The Supermicro AS-4125GS-TNRT is a 4U air-cooled GPU server supporting two AMD EPYC 9004 Series CPUs, PCIe Gen5, and 8 double-width GPUs.
Supermicro has long offered GPU servers in more shapes and sizes than we have time to discuss in this review. Today, we’re looking at their relatively new 4U air-cooled GPU server that supports two AMD EPYC 9004 Series CPUs, PCIe Gen5, and a choice of eight double-width or 12 single-width add-in GPU cards. While Supermicro also offers Intel-based variants of these servers, the AMD-based AS-4125GS-TNRT family are the only servers in this class supporting NVIDIA H100 and AMD Instinct Mi210 GPUs.

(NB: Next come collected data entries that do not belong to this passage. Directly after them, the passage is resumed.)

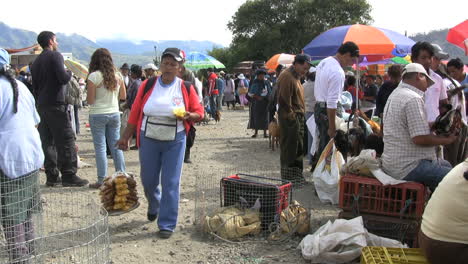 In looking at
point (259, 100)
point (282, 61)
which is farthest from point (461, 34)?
point (282, 61)

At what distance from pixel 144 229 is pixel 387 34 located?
589 cm

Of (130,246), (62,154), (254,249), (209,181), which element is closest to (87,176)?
(62,154)

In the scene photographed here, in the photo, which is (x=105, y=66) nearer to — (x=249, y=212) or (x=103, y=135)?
(x=103, y=135)

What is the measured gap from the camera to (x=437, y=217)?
9.60ft

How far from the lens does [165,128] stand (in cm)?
435

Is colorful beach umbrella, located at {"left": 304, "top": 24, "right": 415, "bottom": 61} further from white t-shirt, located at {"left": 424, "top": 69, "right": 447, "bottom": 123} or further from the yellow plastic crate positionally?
the yellow plastic crate

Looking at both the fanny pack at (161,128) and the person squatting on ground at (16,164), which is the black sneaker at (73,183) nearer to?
the fanny pack at (161,128)

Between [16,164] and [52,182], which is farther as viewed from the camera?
[52,182]

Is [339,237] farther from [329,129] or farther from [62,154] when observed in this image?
[62,154]

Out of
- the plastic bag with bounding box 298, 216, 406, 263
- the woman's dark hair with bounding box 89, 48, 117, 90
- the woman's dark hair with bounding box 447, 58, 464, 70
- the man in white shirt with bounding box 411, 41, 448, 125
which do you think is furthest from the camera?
the woman's dark hair with bounding box 447, 58, 464, 70

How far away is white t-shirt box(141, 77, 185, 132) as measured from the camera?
14.2ft

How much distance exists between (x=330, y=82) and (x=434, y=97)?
4.32 ft

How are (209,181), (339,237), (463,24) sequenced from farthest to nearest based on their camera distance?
(209,181) < (463,24) < (339,237)

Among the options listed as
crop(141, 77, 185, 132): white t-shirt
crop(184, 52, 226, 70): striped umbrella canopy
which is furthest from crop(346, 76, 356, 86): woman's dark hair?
crop(184, 52, 226, 70): striped umbrella canopy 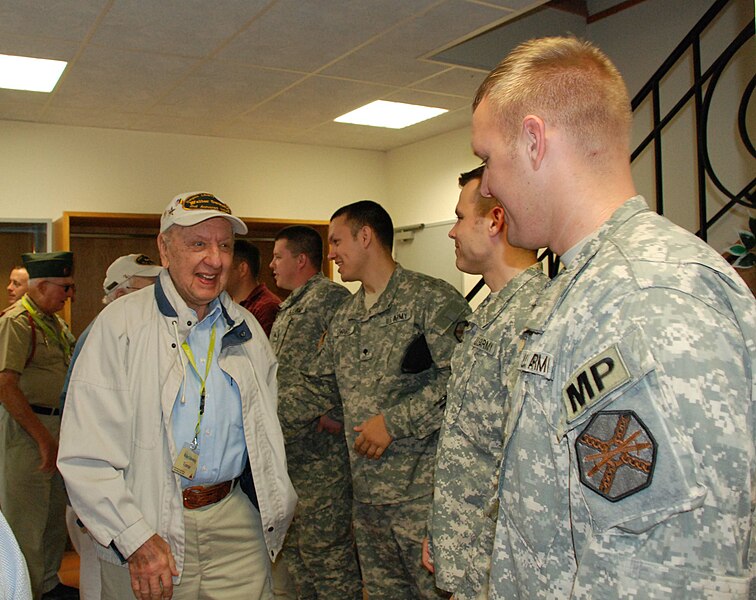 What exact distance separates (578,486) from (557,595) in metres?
0.18

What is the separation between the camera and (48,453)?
373cm

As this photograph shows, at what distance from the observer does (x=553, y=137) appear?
996 mm

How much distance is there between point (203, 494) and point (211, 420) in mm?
202

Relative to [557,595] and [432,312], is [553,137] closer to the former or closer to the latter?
[557,595]

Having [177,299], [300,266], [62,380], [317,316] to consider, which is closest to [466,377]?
[177,299]

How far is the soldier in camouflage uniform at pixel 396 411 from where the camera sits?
2564 millimetres

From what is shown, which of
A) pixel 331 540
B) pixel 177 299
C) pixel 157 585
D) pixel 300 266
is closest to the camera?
pixel 157 585

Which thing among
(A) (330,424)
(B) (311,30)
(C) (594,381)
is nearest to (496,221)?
(C) (594,381)

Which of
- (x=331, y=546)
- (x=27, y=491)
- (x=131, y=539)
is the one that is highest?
(x=131, y=539)

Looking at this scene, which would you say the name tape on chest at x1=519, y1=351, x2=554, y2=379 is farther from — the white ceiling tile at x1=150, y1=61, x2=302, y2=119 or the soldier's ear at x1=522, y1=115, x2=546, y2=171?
the white ceiling tile at x1=150, y1=61, x2=302, y2=119

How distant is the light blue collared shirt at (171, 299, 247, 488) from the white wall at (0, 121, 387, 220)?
161 inches

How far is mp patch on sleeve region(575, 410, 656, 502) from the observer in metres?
0.80

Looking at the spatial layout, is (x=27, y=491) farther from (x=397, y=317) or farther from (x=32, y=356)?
(x=397, y=317)

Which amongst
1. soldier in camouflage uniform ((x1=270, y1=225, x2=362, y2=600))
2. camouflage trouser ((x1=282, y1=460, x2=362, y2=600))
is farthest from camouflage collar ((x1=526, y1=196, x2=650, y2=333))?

The Supermicro AS-4125GS-TNRT GPU server has a few other hardware highlights like 10GbE networking onboard, out-of-band management, 9 FHFL PCIe Gen5 slots, 24 2.5″ bays, with four being NVMe, and the rest SATA/SAS. There are also 4x redundant titanium-level 2000W power supplies. On the motherboard, there’s a single M.2 NVMe slot for boot.
Before we get too far down this road, it’s also worth mentioning that Supermicro offers two other variants of the AS-4125GS-TNRT server config. While they use the same motherboard, the AS-4125GS-TNRT1 is a single-socket configuration with a PCIe switch that supports up to 10 double-width GPUs and 8 NVMe SSD bays. The AS -4125GS-TNRT2 is a dual-processor configuration that’s more or less the same thing, again with the PCIe switch.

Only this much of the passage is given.